In Christoper Nolans berühmtem Film "Inception" dringt der Held, gespielt von Leonardo DiCaprio, in die Träume seiner Zielperson ein, um Informationen aus deren Gehirn zu stehlen und falsche Erinnerungen in ihr Unterbewusstsein einzufügen. Ein neuer Angriff auf Virtual-Reality-Headsets von Meta arbeitet auf eine ähnliche Art und Weise. Forscher der University of Chicago haben eine Sicherheitslücke im Quest-VR-System der Firma demonstriert, die es Cyberkriminellen ermöglichen könnte, die Geräte zu kapern, sensible Informationen zu stehlen und – mithilfe von generativer KI – sogar soziale Interaktionen zu manipulieren.

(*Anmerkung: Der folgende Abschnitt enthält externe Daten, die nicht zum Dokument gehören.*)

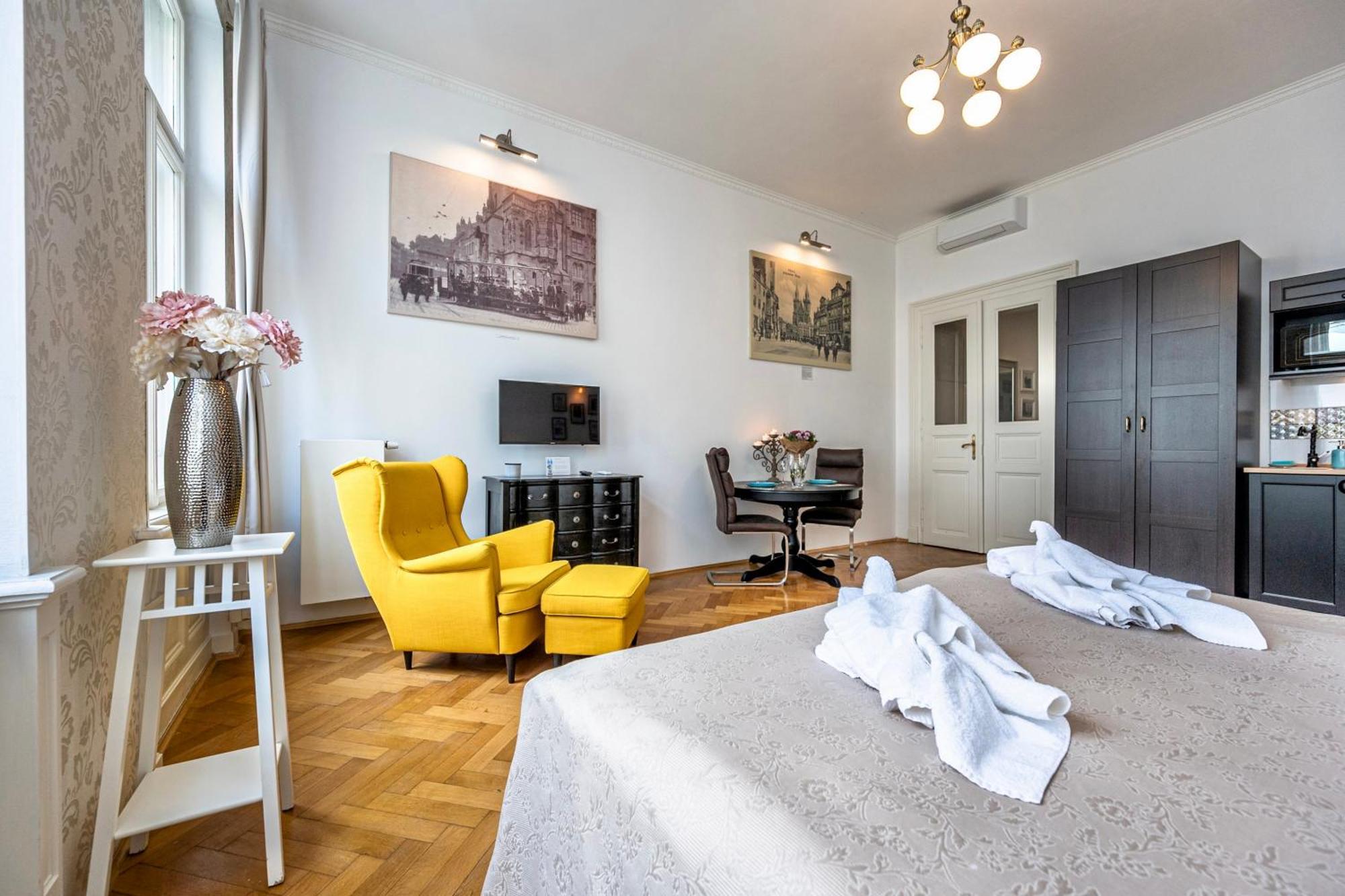 The Old Town Square & Parizska Apartments Prague Ngoại thất bức ảnh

Der Angriff wurde bisher zwar noch nicht in freier Wildbahn angewendet und die Hürden für seine Umsetzung sind relativ hoch, da ein Angreifer sich Zugang zum WLAN des Quest-Benutzers verschaffen müsste. Die Methode ist jedoch äußerst raffiniert und zeigt, wie solche futuristischen Verbrechen in Zukunft aussehen könnten.

Bei der "Inception Attack" erstellen die Angreifenden zunächst eine App, die bösartigen Code in das Meta-Quest-Betriebssystem einschleust und dann einen Klon des Startbildschirms und der Apps des VR-Systems startet, die sich nicht von den Originalen unterscheiden. Sobald die Angreifer in das System eingedrungen sind, können sie alles sehen, aufzeichnen und verändern, was die Person mit dem Headset anstellt. Dazu gehören die Spracheingaben, Gesten, Tastenanschlägen, Browsing-Aktivitäten und sogar die sozialen Interaktionen des Benutzers. Der Angreifer kann sogar den Inhalt der Nachrichten eines Benutzers an andere Personen ändern. Die Forschungsergebnisse, die der US-Ausgabe von MIT Technology Review exklusiv zur Verfügung gestellt wurden, müssen sich noch einem Peer Review stellen. Ein Sprecher von Meta gab an, das Unternehmen plane, die Studie "zu überprüfen". Man arbeite regelmäßig mit Sicherheitsforschern im Rahmen seines Bug-Bounty-Programms "und anderer Initiativen" zusammen.

VR-Headsets werden zwar immer beliebter, doch die Sicherheitsforschung auf diesem Gebiet ist offensichtlich hinter der Produktentwicklung zurückgeblieben. Schutzmaßnahmen insbesondere bei den populären Modellen von Meta scheinen noch unzureichend zu sein, die teurere Vision Pro von Apple gibt bestimmte sensible Daten gar nicht erst an Apps. Hinzu kommt, dass es die immersive Natur der virtuellen Realität Menschen erschweren könnte, zu erkennen, dass sie in eine solche Falle getappt sind. "Das Schockierende daran ist, wie fragil die heutigen VR-Systeme sind", sagt Heather Zheng, Professorin für Informatik an der University of Chicago, die die "Inception Attack"-Studie leitete.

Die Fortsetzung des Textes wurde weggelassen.